• _Data section_:
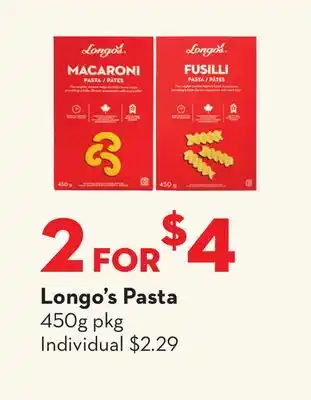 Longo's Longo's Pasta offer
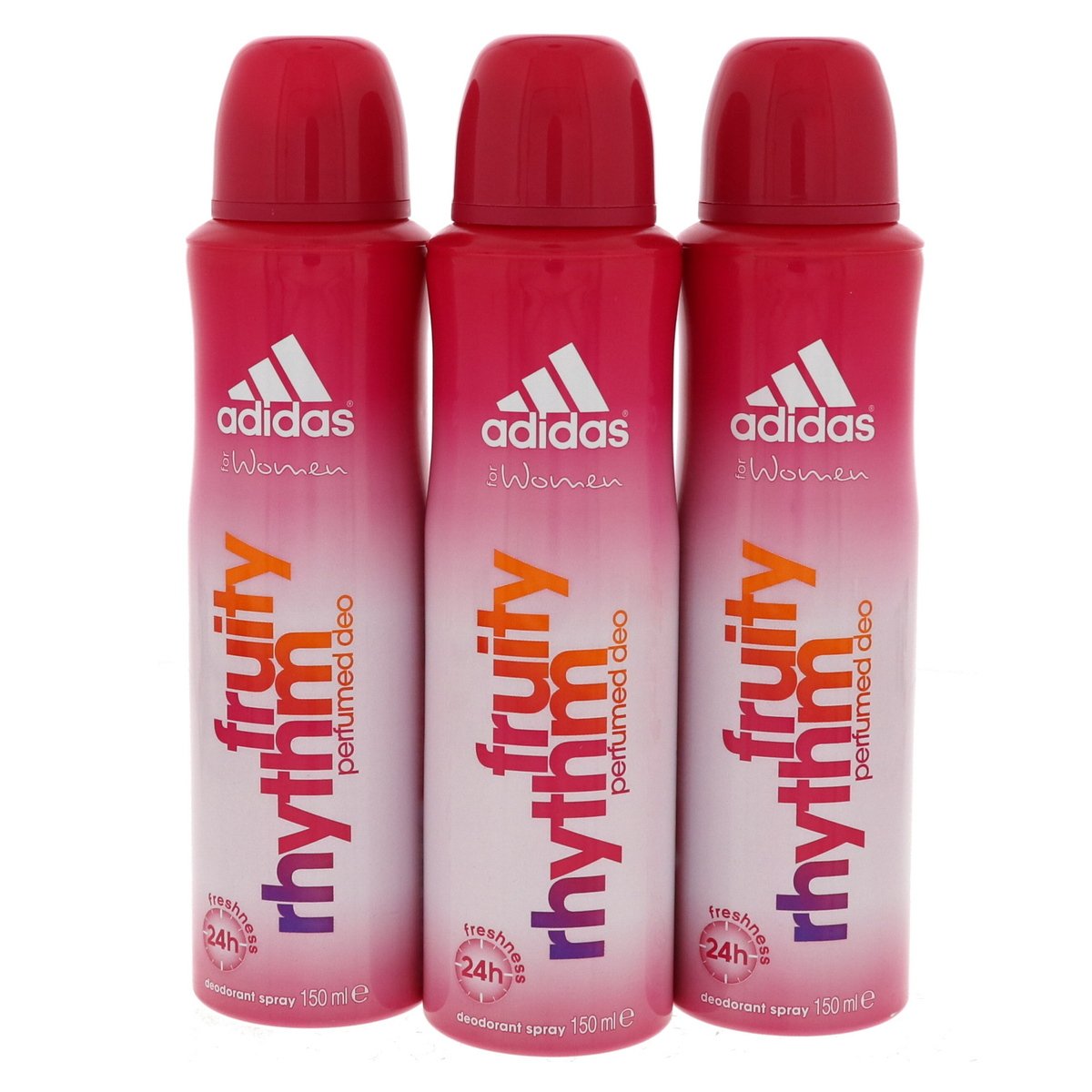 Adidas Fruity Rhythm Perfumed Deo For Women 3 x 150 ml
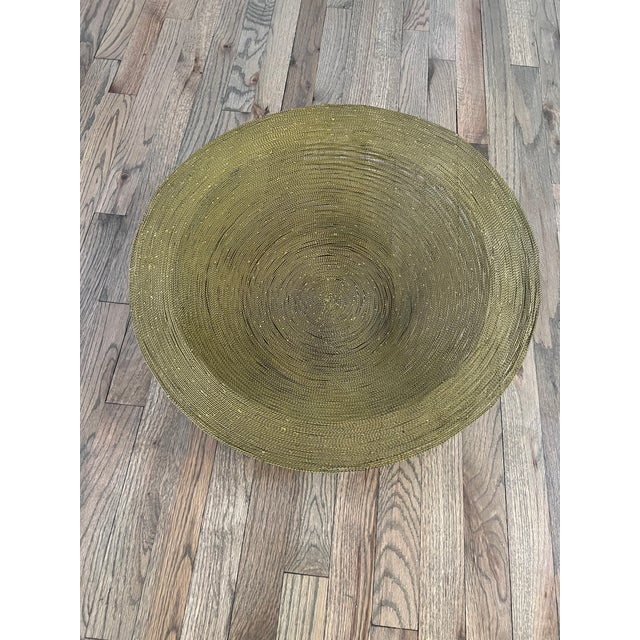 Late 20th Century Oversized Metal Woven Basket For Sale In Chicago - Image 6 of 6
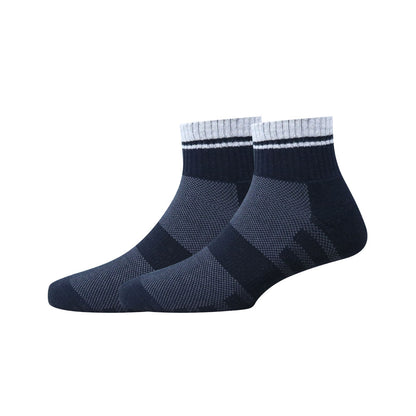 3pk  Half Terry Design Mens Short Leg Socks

• _Work order_: Make an exact copy of the whole listing, but don't bring over any pictures.

• _Your response_:
 Longo's Longo's Pasta offer
 Adidas Fruity Rhythm Perfumed Deo For Women 3 x 150 ml
 Late 20th Century Oversized Metal Woven Basket For Sale In Chicago - Image 6 of 6
 3pk  Half Terry Design Mens Short Leg Socks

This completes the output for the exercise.